Parece que a Microsoft queimou a largada ao anunciar que o Windows 10 será gratuito para todos, inclusive donos de cópias piratas de versões anteriores. Após o anúncio, a empresa disparou dois comunicados à imprensa na tentativa de esclarecer o ponto. Só que esses avisos mais confundiram do que elucidaram qualquer coisa.

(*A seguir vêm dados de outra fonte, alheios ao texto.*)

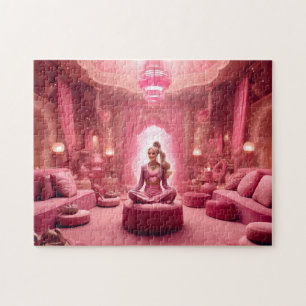 Puzzle Palais Rougeaud du Génie Rose Méditation
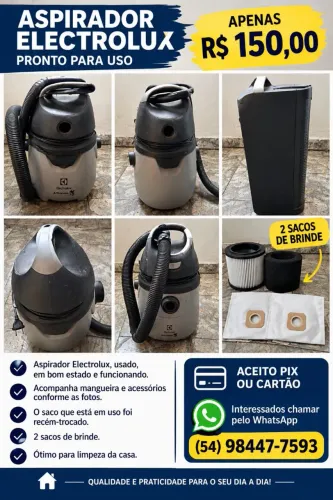 Aspirador Electrolux - R$150,00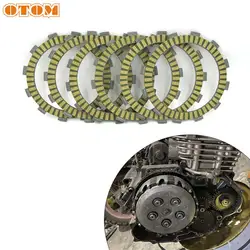 OTOM 6pcs Motorcycle Engine Parts Clutch Friction Plates Kit 3XJ-16321-00 For YAMAHA XT250 2014-2020 XT250X 2008-2017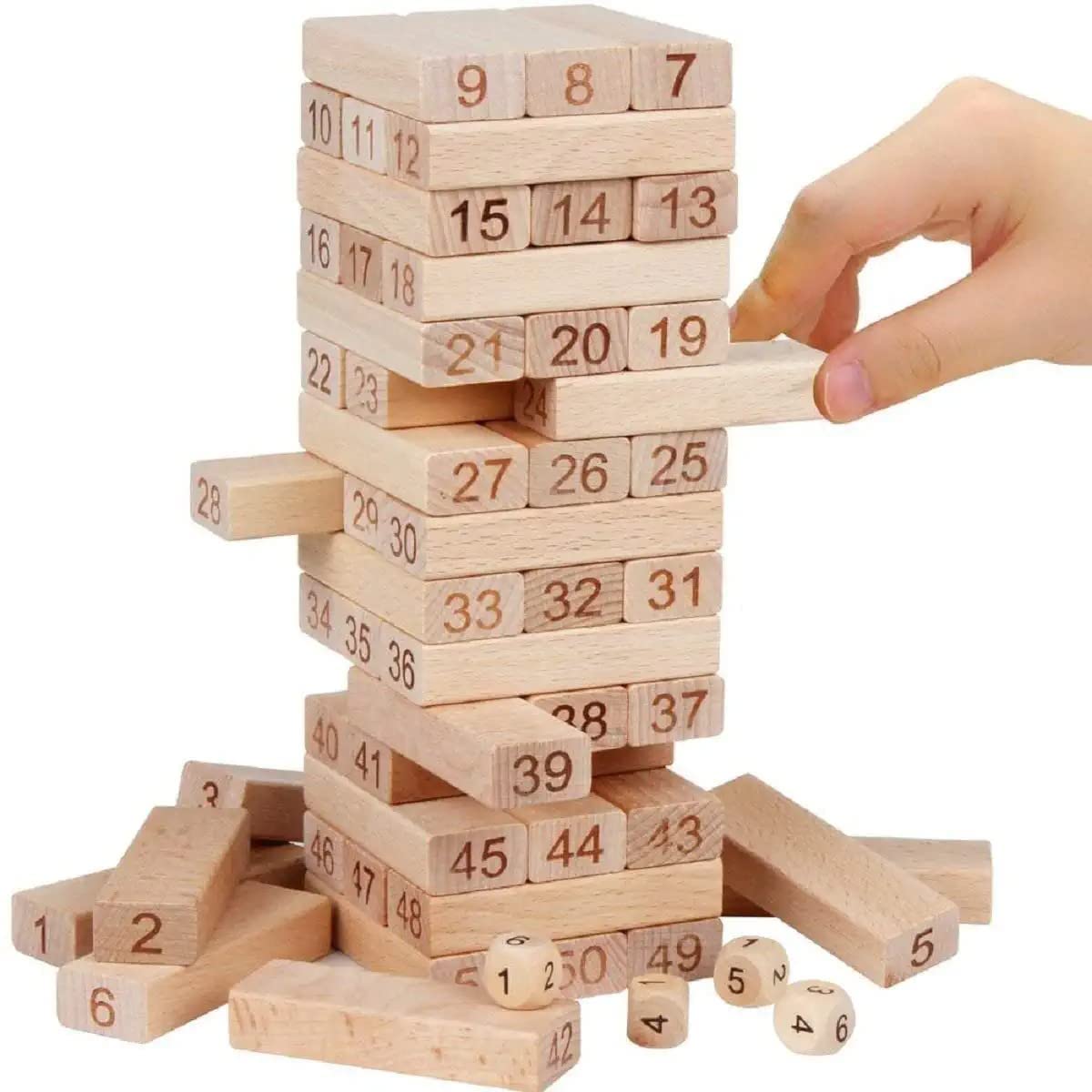 Wooden Jenga 54 pieces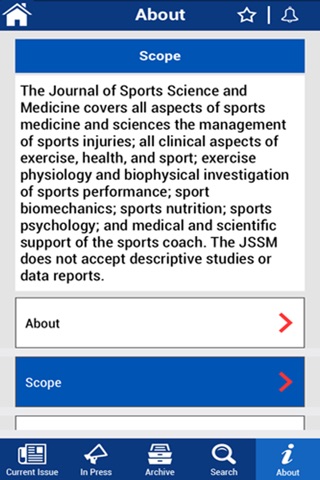 J Sport Sci & Med screenshot 3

Ok, há uma certeza: a medida, seja lá qual for, valerá para o mundo inteiro. Alguns desconfiavam de que ela seria restrita à China, onde o problema da pirataria é maior que a média. Mas outras questões, principalmente se haverá um tratamento diferenciado para quem veio de licenças piratas, seguem sem resposta. No último comunicado, republicado na íntegra pelo Ars Technica, a Microsoft disse:
Com o Windows 10, embora PCs não genuínos sejam elegíveis à atualização para o Windows 10, a atualização não mudará o estado de legitimidade da licença. (…) Se um dispositivo era considerado não genuíno ou sem licença antes da atualização, esse dispositivo continuará sendo considerado não genuíno ou sem licença depois dela.
A única certeza é que, sim, usuários piratas poderão atualizar seus sistemas para Windows 10. Mas qual a pegadinha? Uma hipótese levantada é a de que essas licenças não receberão atualizações rotineiras da Microsoft até que sejam legalizadas. Outra, de que essa reticência da Microsoft pós-anúncio é mais direcionada ao público corporativo, não a usuários domésticos — e, de fato, o início do comunicado deixa bem claro que versões Pro, Enterprise e as vendidas via licenciamento por volume não serão contempladas.
O jeito é esperar por informações mais claras.